My favourite part of the day was hearing from Mrs Moorehead about the process of teacher feedback; it meant a lot to see just how much effort staff are putting in to constantly improve their own methods of teaching. We went to observe Mr Cooper leading the Year 12 History & Politics Society, which I usually attend. During the meeting students stood in a circle, each holding a string attached to a single balloon in the middle – demonstrating how the centre of power moves with the application of political pressure from different sides of society. Not only was it a brilliant lesson, but it was fascinating to observe it from a different angle and evaluate how the content was presented in a memorable and engaging way.
With Dr Peacock, Naavya and I discussed where best to place the form rooms for different year groups, and the possibility of having forms of both Years 10 and 11 – this year I have made such good friends with the Year 13s in my form I wish I had known them lower down the school so they weren’t leaving so soon!
We then returned to Mrs Hutchinson’s office where she thanked us for our hard work and input throughout the day. To end the day, Naavya and I were given a piece of the beautiful Coronation cake presented during the Junior School assembly that morning.
If there were to be one thing that I would suggest changing after my experience today, it would be more Prep and Senior school interaction. Participating in the Junior School assembly and seeing the Prep girls made me realise that more cross-year exchanges would benefit students in both the Prep and Senior schools, and further strengthen the JAGS community. Seeing all the work that goes on behind the scenes to make JAGS flow as a cohesive body was really enlightening and inspiring, and it surprised me to see just how much effort it takes from all the staff involved. It was also surprising to see just how many of these decisions and meetings were to do with pastoral and community focused objectives. Finally, one thing that I learnt from the experience was that when it comes to making such major decisions, especially when they affect a few hundred people, you can never please everyone. In my opinion, running a school is an art of diplomacy.

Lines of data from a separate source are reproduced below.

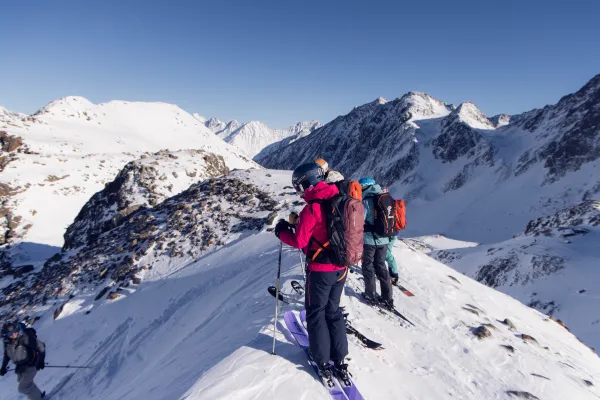Ein genussvolles Freeride-Wochenende für Damen Bild: Ein genussvolles Freeride-Wochenende für Damen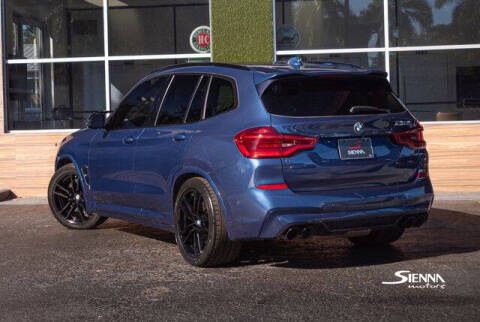 2020 BMW X3 M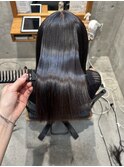 髪質改善ストレートパーマ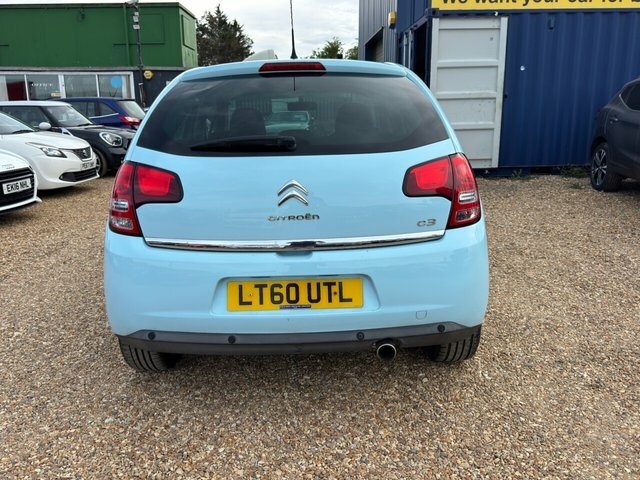 Citroen C3 1.6 Vti Exclusive Hatchback Euro 5 Blue #5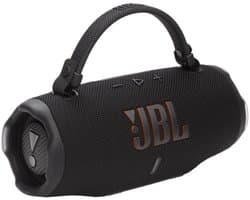 JBL Charge 6 - Draadloze Bluetooth Speaker met Afneembare Draagriem - Portable Muziek Box - 28 uur - Waterdicht - IP68 - Zwart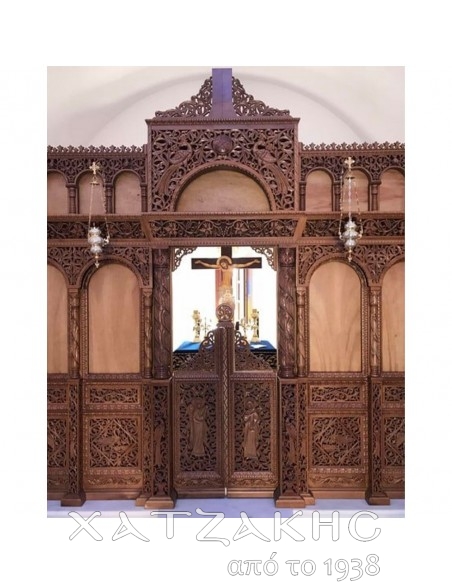 ΤΕΜΠΛΟ ΔΙΑΤΡΗΤΟ ΒΥΖΑΝΤΙΝΟ ΣΚΑΛΙΣΜΑ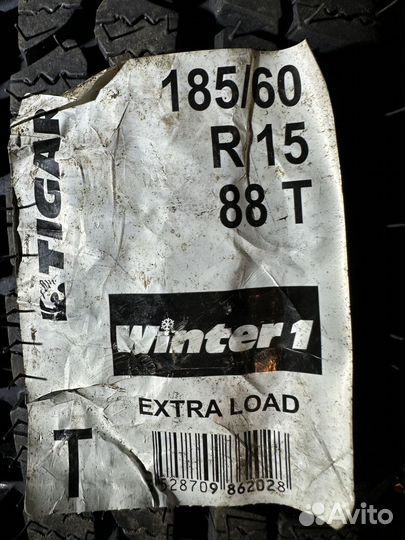 Tigar Winter 1 185/60 R15 88T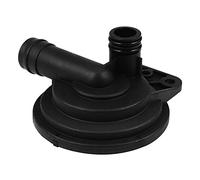 Engine Crankcase Vent Valve PCV for 2005-2009 Land Rover LR3 for 2006-2009 Range Rover for 2006-2009 Range Rover Sport PCV Valve Cover LR003380 Black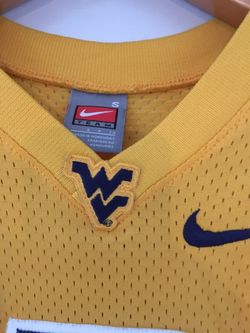West Virginia football jersey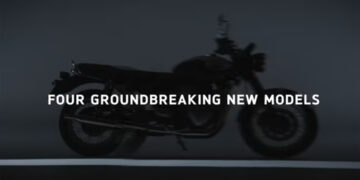 Triumph revela 4 novos modelos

The most striking thing I learnt was that as a school our biggest sources of carbon emissions are transport and food waste, despite all the energy used for heating, lighting and manufacturing the huge amount of equipment we buy. It seems tragic how our worst impact comes from the things which are often the least necessary, however it also shows scope for change. One change I would like to see is reducing the amount of meat that is served for lunch as this has the potential to cause the biggest reduction in our carbon footprint over time and fit with the school’s new ethos of sustainability and moving forward in the world.